Data entries
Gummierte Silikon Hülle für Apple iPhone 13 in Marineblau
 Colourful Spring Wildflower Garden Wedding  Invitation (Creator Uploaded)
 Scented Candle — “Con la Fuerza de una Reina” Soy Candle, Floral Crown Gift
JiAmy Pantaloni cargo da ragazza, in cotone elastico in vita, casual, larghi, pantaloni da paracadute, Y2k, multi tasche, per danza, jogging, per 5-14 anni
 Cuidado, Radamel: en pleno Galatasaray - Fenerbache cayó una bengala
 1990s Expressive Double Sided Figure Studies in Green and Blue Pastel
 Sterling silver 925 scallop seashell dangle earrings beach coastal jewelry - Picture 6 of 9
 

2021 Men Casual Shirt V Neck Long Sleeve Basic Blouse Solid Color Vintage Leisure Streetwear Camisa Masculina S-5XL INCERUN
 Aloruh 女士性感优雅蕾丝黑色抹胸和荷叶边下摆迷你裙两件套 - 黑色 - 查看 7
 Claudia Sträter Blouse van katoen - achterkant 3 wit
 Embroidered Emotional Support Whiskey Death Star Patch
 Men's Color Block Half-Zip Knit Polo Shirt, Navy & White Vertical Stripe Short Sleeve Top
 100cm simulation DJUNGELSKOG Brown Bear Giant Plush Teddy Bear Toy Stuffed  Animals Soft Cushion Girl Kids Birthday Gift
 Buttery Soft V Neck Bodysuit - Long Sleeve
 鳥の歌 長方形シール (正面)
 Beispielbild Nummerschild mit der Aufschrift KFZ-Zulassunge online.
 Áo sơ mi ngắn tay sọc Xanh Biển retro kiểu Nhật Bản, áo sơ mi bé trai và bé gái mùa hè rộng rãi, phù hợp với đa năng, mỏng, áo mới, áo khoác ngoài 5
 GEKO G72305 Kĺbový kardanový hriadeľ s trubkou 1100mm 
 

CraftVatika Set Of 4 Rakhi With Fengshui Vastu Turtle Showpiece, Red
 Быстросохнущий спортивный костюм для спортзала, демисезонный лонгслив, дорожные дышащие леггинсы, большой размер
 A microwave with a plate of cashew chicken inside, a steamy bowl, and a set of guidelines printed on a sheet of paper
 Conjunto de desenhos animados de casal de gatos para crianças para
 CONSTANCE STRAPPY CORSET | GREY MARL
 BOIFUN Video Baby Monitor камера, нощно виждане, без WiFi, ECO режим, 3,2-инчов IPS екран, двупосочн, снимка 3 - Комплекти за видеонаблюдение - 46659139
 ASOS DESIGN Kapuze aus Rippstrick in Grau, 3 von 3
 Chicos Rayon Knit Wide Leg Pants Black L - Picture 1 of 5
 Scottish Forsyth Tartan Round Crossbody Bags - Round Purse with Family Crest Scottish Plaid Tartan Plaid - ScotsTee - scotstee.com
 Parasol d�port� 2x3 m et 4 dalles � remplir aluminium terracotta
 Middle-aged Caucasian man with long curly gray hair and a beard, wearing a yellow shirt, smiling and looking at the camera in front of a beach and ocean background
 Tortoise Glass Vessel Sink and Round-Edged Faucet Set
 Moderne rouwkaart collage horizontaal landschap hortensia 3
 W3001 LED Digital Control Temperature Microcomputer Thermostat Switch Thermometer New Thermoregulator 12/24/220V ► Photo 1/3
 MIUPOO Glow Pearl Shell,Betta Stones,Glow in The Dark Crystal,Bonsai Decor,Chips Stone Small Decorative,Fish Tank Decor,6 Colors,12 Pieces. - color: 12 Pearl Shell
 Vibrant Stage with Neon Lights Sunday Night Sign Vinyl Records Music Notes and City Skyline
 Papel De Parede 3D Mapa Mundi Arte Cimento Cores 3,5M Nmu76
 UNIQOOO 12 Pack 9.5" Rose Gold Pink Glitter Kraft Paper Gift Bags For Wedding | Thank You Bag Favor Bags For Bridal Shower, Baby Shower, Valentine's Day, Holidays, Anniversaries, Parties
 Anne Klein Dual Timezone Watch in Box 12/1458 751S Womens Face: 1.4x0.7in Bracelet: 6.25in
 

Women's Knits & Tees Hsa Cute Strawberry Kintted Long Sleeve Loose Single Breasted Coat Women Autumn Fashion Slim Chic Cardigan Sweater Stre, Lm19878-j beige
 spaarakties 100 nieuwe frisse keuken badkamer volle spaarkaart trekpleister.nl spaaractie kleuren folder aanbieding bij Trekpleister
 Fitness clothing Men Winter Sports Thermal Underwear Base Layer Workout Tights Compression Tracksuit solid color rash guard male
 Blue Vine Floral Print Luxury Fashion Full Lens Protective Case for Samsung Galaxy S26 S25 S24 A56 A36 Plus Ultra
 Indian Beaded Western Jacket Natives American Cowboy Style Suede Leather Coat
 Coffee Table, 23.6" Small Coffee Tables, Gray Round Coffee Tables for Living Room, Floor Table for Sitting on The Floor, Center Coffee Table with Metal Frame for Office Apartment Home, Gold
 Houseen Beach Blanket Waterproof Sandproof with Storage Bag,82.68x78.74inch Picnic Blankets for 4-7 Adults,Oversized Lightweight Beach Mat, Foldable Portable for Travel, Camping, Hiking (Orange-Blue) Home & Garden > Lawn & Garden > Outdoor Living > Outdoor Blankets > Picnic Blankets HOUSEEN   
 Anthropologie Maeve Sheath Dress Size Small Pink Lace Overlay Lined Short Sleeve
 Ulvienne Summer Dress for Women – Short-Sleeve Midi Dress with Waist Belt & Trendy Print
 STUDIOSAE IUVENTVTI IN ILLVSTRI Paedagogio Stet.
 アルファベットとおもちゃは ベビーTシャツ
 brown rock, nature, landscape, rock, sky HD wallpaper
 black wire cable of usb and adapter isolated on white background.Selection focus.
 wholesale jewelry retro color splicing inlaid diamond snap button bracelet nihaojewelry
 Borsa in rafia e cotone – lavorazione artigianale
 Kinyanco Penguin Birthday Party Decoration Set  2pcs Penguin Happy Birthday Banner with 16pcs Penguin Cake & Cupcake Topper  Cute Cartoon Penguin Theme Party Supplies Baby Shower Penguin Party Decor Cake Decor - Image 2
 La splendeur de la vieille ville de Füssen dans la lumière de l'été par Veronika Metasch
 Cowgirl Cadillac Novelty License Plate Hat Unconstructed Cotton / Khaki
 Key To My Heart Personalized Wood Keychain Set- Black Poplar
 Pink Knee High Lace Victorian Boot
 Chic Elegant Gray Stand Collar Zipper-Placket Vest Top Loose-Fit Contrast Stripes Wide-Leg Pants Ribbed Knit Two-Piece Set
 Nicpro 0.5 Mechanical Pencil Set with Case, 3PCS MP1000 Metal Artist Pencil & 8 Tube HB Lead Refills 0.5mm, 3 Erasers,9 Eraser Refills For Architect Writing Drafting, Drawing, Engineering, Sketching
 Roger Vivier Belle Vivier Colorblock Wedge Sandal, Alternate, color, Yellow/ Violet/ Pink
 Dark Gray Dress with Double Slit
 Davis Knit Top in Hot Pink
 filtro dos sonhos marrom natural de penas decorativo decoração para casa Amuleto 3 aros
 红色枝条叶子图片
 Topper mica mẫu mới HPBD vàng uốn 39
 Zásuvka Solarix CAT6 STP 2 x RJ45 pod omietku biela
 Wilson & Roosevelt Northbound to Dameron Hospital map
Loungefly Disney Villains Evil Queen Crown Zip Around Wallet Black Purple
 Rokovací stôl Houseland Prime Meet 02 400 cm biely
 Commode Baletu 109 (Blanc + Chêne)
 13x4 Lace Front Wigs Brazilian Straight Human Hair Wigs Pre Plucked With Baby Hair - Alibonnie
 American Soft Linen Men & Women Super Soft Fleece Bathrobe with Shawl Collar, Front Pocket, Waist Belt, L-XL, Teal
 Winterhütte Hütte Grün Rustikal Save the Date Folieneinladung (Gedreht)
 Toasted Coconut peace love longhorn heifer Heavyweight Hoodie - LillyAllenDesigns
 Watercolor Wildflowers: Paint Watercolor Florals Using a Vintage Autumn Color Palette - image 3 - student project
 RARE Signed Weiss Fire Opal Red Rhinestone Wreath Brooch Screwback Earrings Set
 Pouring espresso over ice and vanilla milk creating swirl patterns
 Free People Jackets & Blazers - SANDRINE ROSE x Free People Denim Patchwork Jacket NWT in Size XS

▶ DIRECTIONS FOR THIS TASK
Whenever the word "Picture" occurs in a line above, copy that line.

▶ EXPECTED ANSWER
 Sterling silver 925 scallop seashell dangle earrings beach coastal jewelry - Picture 6 of 9
 Chicos Rayon Knit Wide Leg Pants Black L - Picture 1 of 5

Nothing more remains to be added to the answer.